*Task details:* Look below for the line containing "Mom Sorry Im The Reason Funny Mom Coffee Mug"; from there through the line containing "IL SERVIZIO IDROGRAFICO", both lines included, please set down each line exactly and nothing else.

*Data supplied:*
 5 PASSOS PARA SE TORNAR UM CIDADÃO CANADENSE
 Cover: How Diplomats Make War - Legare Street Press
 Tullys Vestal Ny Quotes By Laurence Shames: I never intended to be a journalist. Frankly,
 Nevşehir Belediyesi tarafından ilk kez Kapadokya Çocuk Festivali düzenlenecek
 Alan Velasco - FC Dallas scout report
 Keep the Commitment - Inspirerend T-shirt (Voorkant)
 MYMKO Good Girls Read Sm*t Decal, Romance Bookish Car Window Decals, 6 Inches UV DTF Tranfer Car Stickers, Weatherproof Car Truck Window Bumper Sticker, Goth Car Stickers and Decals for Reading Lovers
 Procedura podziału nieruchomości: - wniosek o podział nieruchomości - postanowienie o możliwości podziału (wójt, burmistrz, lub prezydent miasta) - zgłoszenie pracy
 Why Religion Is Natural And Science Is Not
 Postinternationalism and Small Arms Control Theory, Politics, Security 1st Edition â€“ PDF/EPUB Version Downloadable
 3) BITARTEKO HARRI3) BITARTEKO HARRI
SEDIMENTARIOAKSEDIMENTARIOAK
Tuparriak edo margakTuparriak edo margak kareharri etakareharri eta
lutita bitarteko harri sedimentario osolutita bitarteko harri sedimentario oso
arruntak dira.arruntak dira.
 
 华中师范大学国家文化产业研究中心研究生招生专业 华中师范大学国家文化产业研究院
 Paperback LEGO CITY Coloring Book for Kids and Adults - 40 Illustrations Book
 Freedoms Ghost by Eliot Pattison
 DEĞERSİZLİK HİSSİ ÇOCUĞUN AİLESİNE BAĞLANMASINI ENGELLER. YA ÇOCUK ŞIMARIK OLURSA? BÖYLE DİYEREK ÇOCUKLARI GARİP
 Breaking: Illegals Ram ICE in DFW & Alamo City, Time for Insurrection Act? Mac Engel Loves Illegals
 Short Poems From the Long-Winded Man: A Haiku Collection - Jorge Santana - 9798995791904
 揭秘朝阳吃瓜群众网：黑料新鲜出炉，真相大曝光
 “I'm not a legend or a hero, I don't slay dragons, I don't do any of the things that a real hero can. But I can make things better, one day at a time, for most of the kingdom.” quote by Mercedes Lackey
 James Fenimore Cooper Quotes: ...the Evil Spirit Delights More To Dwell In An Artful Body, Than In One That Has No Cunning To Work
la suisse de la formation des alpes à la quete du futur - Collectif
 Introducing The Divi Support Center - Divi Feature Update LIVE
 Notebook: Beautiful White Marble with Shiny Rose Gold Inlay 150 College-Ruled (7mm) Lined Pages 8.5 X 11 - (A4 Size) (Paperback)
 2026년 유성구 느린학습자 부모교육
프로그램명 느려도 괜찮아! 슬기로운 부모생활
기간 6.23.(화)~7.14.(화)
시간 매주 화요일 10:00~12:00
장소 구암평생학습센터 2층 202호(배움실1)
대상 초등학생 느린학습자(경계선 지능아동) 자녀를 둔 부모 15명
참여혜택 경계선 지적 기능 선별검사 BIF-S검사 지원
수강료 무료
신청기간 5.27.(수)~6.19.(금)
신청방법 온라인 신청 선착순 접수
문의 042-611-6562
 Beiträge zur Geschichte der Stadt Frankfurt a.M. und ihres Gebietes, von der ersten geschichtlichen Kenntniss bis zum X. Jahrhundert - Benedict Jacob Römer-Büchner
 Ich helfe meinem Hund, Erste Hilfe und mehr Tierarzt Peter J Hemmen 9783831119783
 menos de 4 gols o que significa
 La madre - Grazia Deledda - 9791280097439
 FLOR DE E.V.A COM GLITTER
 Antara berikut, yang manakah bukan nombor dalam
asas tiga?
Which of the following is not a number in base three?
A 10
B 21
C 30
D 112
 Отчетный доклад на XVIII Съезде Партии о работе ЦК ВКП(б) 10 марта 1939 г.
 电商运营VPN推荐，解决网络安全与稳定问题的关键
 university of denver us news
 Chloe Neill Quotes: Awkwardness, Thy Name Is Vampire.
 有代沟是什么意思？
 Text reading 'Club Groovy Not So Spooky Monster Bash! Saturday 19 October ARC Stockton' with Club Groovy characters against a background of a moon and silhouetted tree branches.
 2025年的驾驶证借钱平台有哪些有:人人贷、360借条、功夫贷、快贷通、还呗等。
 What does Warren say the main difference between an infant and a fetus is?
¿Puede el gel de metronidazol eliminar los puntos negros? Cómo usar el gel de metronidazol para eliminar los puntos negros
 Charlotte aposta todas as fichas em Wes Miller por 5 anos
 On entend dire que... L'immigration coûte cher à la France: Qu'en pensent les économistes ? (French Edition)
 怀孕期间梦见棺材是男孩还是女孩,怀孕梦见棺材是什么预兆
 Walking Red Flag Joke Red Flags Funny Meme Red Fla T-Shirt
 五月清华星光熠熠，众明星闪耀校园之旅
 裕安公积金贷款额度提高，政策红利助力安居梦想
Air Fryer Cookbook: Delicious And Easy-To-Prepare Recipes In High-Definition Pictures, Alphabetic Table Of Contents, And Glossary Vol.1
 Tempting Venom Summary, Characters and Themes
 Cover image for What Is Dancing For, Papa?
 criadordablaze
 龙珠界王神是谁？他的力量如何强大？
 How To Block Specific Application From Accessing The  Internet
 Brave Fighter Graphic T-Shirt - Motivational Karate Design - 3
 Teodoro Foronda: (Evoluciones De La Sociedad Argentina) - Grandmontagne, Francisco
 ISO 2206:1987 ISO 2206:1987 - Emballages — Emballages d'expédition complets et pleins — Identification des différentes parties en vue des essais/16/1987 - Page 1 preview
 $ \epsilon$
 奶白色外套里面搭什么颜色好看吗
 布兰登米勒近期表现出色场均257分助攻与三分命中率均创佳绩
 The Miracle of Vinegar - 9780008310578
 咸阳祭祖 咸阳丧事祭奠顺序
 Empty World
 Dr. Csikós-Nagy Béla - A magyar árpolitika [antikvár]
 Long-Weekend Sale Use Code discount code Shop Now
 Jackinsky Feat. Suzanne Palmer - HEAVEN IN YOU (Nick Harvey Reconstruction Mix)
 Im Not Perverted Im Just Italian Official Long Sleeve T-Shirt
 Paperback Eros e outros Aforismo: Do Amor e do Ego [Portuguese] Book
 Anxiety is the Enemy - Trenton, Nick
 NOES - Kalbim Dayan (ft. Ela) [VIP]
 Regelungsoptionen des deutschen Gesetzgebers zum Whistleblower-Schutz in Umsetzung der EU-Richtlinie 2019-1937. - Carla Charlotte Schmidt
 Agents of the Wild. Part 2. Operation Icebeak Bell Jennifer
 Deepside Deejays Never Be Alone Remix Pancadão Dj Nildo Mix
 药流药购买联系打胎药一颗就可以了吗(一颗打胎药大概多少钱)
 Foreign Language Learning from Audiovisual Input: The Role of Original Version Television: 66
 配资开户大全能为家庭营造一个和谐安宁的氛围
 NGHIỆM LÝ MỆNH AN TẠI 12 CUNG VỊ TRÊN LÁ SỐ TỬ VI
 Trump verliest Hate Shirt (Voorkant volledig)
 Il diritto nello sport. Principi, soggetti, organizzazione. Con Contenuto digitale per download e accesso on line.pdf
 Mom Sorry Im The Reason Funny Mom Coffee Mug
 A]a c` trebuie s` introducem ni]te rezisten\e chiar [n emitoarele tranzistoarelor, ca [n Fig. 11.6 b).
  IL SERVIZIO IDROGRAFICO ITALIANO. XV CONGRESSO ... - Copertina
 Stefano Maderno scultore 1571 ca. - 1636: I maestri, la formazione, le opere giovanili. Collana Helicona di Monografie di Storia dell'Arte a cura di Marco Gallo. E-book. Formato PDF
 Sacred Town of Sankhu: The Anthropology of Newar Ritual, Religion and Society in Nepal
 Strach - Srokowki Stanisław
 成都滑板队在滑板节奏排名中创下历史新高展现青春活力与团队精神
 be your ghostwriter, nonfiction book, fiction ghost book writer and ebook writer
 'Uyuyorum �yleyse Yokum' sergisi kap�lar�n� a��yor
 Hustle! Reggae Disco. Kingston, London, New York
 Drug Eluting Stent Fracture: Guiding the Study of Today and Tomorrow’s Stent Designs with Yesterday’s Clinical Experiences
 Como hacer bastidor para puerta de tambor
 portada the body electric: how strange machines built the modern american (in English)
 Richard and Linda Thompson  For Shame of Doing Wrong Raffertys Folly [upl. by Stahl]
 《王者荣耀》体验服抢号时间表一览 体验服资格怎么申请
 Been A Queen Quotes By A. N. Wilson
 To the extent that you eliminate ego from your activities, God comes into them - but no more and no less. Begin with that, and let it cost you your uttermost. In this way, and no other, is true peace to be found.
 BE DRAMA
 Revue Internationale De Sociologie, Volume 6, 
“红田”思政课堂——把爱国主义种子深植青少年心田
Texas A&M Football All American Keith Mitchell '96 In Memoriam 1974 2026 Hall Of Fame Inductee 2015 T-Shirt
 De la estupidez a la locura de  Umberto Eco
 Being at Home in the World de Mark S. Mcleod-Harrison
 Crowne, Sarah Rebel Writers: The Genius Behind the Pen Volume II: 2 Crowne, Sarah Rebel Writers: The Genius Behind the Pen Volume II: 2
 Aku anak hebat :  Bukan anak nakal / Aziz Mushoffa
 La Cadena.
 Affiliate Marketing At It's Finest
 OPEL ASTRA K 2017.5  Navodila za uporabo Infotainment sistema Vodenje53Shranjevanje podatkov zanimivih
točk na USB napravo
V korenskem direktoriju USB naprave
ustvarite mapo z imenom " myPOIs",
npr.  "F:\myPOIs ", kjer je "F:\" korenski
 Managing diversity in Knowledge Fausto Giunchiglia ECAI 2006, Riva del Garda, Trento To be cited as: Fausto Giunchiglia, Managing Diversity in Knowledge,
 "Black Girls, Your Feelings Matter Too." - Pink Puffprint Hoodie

*Answer area:*
 Mom Sorry Im The Reason Funny Mom Coffee Mug
 A]a c` trebuie s` introducem ni]te rezisten\e chiar [n emitoarele tranzistoarelor, ca [n Fig. 11.6 b).
  IL SERVIZIO IDROGRAFICO ITALIANO. XV CONGRESSO ... - Copertina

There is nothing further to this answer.